Leaders say weather conditions in Montana are not as dry as they could be, but the fire danger across the state is likely to grow starting this week.
The Governor’s Drought and Water Supply Advisory Committee met Monday in Helena. Representatives from the Montana State Library, National Weather Service and Northern Rockies Coordination Center were there to discuss current drought and wildfire conditions in the state.
Currently, much of western Montana is abnormally dry, and some areas in the northwest – particularly Lincoln County – are in moderate drought. Last month, parts of northeastern Montana were in drought, but the situation there has improved since the area has received more precipitation than usual in late June and early July.
Michael Richmond, a predictive services meteorologist with the Northern Rockies Coordination Center, said the wildfire risk across Montana would be much worse if it hadn’t been a relatively cool spring and summer.
“We have been very fortunate in Montana,” he said.

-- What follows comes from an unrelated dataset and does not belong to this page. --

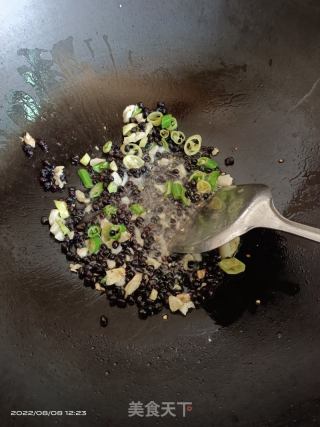 豆豉焖芋苗的做法步骤：3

That could change starting this week, as the weather is expected to be much warmer and dry. One issue could be lightning strikes from several days ago, which might still be smoldering and could grow if fuels dry out.

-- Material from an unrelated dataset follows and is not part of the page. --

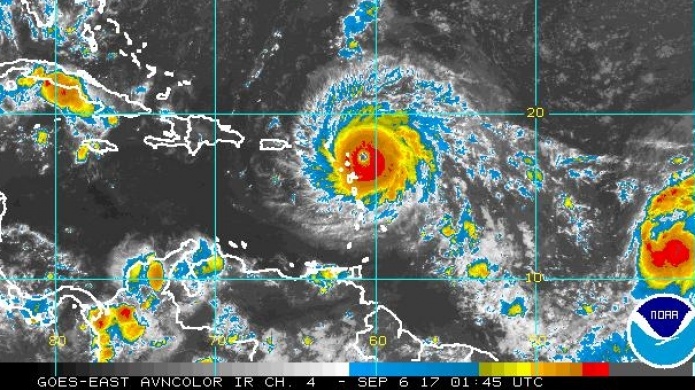 Irma inicia movimiento hacia el oeste-noroeste mientras conserva su fuerza.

“We have had a lot of lightning over the past several weeks, especially over the timbered areas in the mountains – thousands of lightning strikes – so there certainly would be some holdover fires that are just sleeping in the dead fuels, just kind of creeping around,” Richmond said. “This kind of weather will make them more active, but we’ll also be able to see where they are and do initial attack.”
Richmond said, even though recent thunderstorms have brought precipitation, that moisture may not consistent enough to substantially reduce fire risk.
Long-range forecasts from the National Weather Service suggest western Montana is likely to see higher temperatures than average through October. Richmond said that could extend the fire season later into fall.
Lt. Gov. Mike Cooney, who chairs the committee, asked that the public to continue to be vigilant about preventing human-caused fires, regardless of the current lower fire risk.
“We know it does not take much to totally flip things on their head,” he said.